*DATASET EXCERPTS*
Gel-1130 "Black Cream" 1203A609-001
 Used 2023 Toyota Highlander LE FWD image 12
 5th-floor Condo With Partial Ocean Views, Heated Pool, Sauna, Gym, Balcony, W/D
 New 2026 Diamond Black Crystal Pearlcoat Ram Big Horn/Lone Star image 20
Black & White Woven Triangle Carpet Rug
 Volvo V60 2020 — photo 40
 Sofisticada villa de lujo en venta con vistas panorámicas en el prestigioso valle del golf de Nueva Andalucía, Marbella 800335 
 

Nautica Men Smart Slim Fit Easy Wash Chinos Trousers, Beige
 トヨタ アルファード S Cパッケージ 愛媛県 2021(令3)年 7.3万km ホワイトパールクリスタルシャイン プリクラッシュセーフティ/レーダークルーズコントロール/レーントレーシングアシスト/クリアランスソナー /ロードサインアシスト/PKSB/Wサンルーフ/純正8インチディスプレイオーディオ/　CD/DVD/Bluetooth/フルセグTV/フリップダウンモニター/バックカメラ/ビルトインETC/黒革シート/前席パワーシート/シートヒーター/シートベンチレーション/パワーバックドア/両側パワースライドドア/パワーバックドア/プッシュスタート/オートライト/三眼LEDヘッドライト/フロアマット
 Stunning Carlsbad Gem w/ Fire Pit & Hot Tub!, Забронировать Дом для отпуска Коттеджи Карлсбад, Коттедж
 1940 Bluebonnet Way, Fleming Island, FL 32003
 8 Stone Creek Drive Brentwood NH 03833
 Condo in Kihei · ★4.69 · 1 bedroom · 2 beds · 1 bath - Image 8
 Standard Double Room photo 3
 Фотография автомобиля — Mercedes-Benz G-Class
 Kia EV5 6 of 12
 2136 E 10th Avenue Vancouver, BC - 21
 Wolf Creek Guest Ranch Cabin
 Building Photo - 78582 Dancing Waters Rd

*WORK INSTRUCTION*
Copy out the data above word for word, starting at its first line and ending with the line that contains "Volvo V60 2020 — photo 40".

*EXERCISE ANSWER*
Gel-1130 "Black Cream" 1203A609-001
 Used 2023 Toyota Highlander LE FWD image 12
 5th-floor Condo With Partial Ocean Views, Heated Pool, Sauna, Gym, Balcony, W/D
 New 2026 Diamond Black Crystal Pearlcoat Ram Big Horn/Lone Star image 20
Black & White Woven Triangle Carpet Rug
 Volvo V60 2020 — photo 40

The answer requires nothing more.